**THE DATA**:
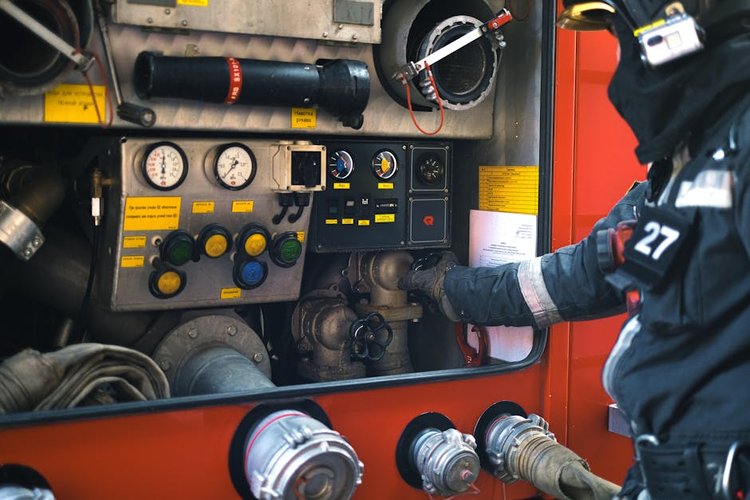 Fire Safety Dead Stock Buyers Near Murcia, Spain — Free Collection Anywhere
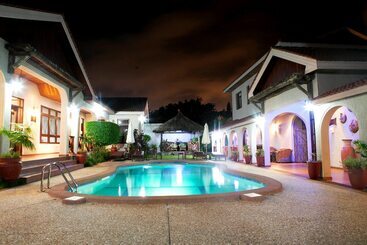 هتل Mahogany Lodge, Cantonments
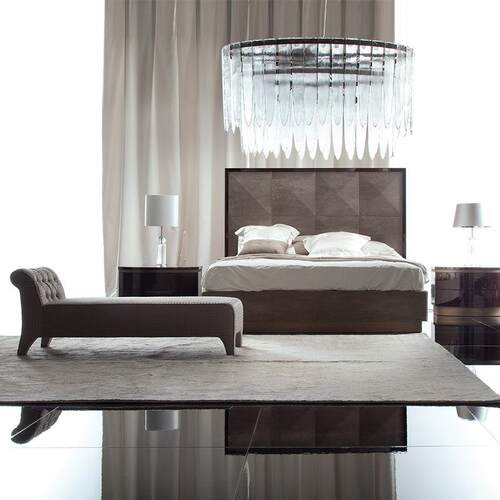 轻奢布艺床后现代样板间别墅大平层卧室高靠背双人床a double bed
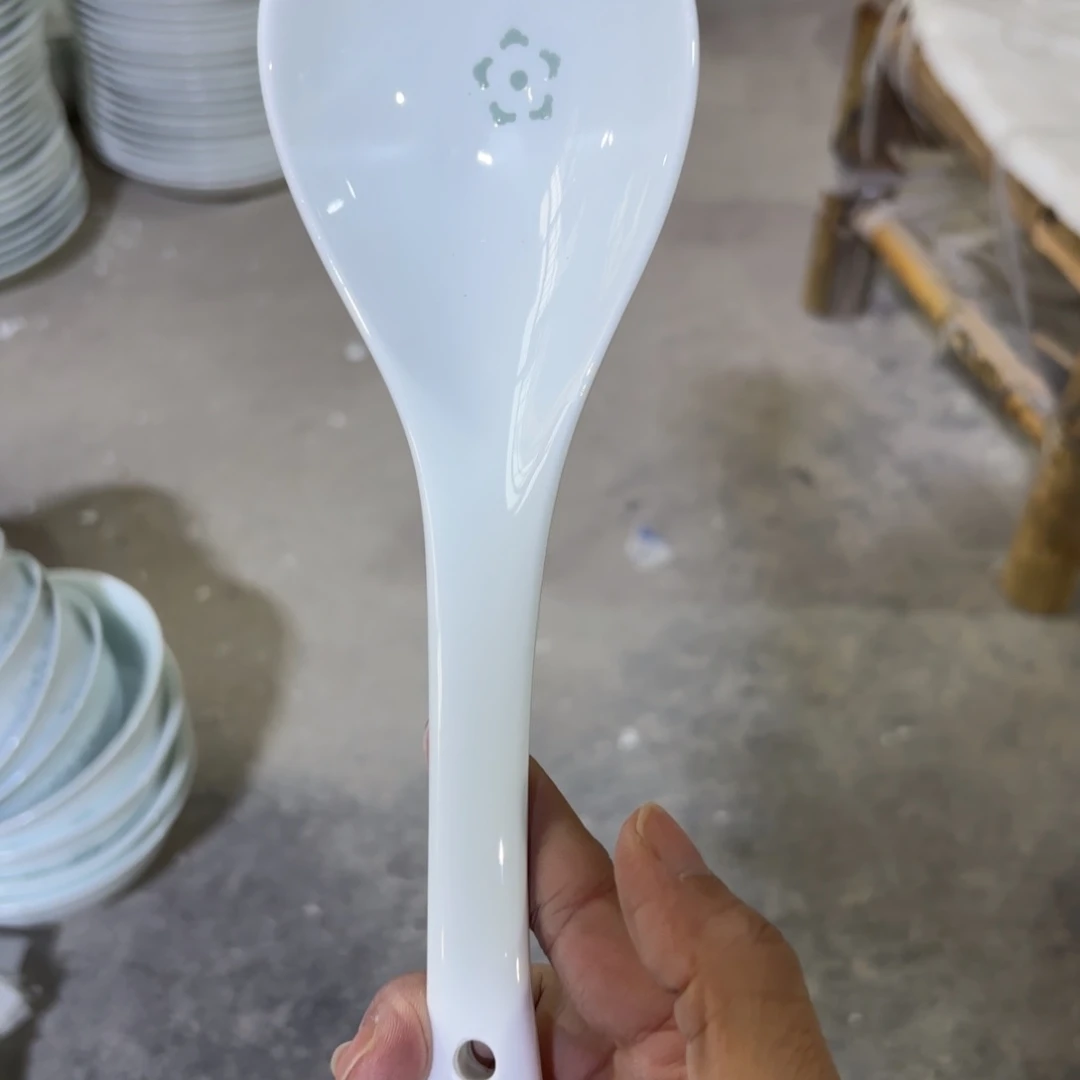 玉瓷景德镇陶瓷大汤勺一个微瑕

**EXERCISE DETAILS**:
Every line of the material is to be quoted exactly, with no pictures carried over.

**ANSWER TO THIS TASK**:
 Fire Safety Dead Stock Buyers Near Murcia, Spain — Free Collection Anywhere
 هتل Mahogany Lodge, Cantonments
 轻奢布艺床后现代样板间别墅大平层卧室高靠背双人床a double bed
 玉瓷景德镇陶瓷大汤勺一个微瑕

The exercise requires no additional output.